Com relação a sistemas de prevenção, afirmam que “o Instituto Brasileiro de Museus (Ibram) esclareceu, em nota pública de agosto/2021, que todos os museus da sua rede possuem programas de segurança e estão dotados de equipamentos essenciais para identificar, detectar e bloquear os principais agentes de riscos que ameaçam os museus”.
O Ibram, no entanto, não abrange a totalidade dos bens culturais no Brasil, uma vez que apenas uma parcela dos museus registrados são tombados como patrimônio. Neste sentido, iniciativas de monitoramento têm partido da sociedade civil e do terceiro setor, como o trabalho do Instituto Pereira Passos, realizado no Rio de Janeiro em 2008. O estudo identificou as áreas da cidade vulneráveis ao aumento do nível do mar, possibilitando a adoção de medidas para as áreas históricas. Carla aprofunda o assunto na sua tese de doutorado, “Gestão de riscos para sítios históricos: uma discussão sobre valor”.
O programa é visto como uma exceção na área. “A prevenção de maneira geral ainda não é uma realidade para nosso patrimônio, atuamos na maioria das vezes de forma reativa”, lamenta Carla. Foi para reunir a experiência de diversos profissionais e iniciativas nesse sentido que surgiu o Comitê científico Mudanças Climáticas do Icomos Brasil. “Tem várias universidades desenvolvendo projetos e nós tentamos fazer essa rede entre eles, mas tudo ainda é muito individualizado”, conta Luana. Em ligação com a Unesco, o Icomos também realiza relatórios sobre os bens tombados como Patrimônio da Humanidade.
O Inpe e o Centro Nacional de Monitoramento e Alerta de Desastres Naturais (Cemaden), criado pelo governo Federal em 2011, têm sido fonte de dados importantes para estes projetos. O Cemaden monitora índices pluviométricos em diferentes áreas do país e emite alertas quando necessário. A atuação, contudo, ainda é limitada, já que apenas 950 dos 5570 municípios brasileiros são monitorados, pouco mais de 17%.
Para Carla Teixeira, o Brasil deveria adotar medidas visando a análise de riscos que contemplem os contextos e especificidades do patrimônio brasileiro. “A partir dessas análises, é possível orientar a elaboração de planos de emergência e medidas de adaptação para edifícios e sítios históricos, que podem incluir, por exemplo, melhoria dos sistemas de drenagem, reforço estrutural e o estabelecimento de rotinas de monitoramento”.
O mundo em alerta
Desde 2005 a Unesco mantém, dentro do Centro do Patrimônio Mundial, um grupo de trabalho voltado a analisar os possíveis impactos relacionados às mudanças climáticas.
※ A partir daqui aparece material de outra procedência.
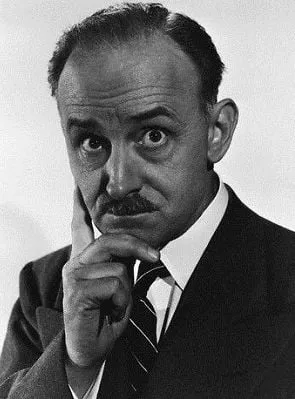 John Qualen - Ator, 8 de dezembro de 1899, 12 de setembro de 1987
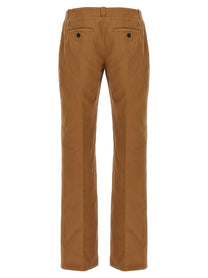 MCQUEEN - MCQUEEN - Chinos - Men’s Pants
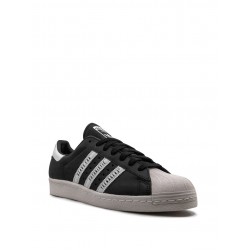 Adidas Superstar Human Mades retro sneakers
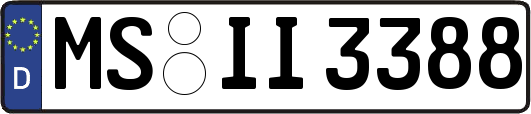 MS-II3388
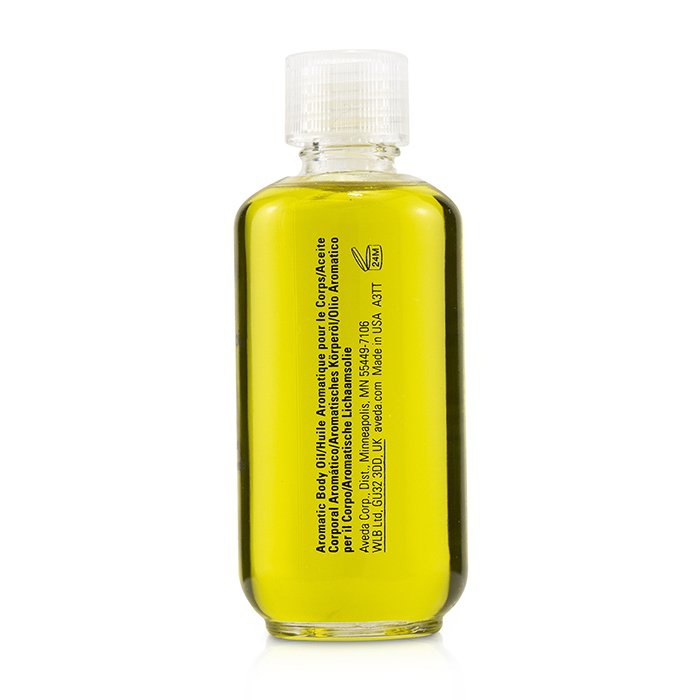 Aveda Aromatyczny olejek do ciała i włosów dla mężczyzn Men Pure-Formance Composition Aromatic Oil (For Scalp, Hair and Body) 50ml/1.7ozProduct Thumbnail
Em publicação divulgada em 2021, a Unesco sugere uma série de medidas que os países podem adotar, incluindo criar uma base de dados sobre impactos existentes no patrimônio, mapear áreas de risco e incentivar projetos interdisciplinares com apoio de universidades.
Em dezembro do mesmo ano, o órgão realizou uma conferência que reuniu 120 cientistas e especialistas em áreas como arqueologia, arquitetura, antropologia e ecologia. Um dos eixos da reunião foi o debate sobre soluções climáticas e a capacidade de locais históricos de reter carbono. “O patrimônio cultural e natural são fontes de resiliência e uma fonte de inspiração para arte, conexão e compreensão da ação climática”, concluiu a Unesco.
Outro relatório da entidade, no entanto, mostra que a cultura não está incluída nos debates sobre desenvolvimento sustentável no geral. O estudo mostra que apenas 13% dos países signatários da Agenda 2030 – plano de ação que estabeleceu os Objetivos do Desenvolvimento Sustentável – reconhecem a contribuição da cultura para o desenvolvimento sustentável. Ainda, só 0,23% da ajuda financeira ao desenvolvimento é destinada à cultura e recreação.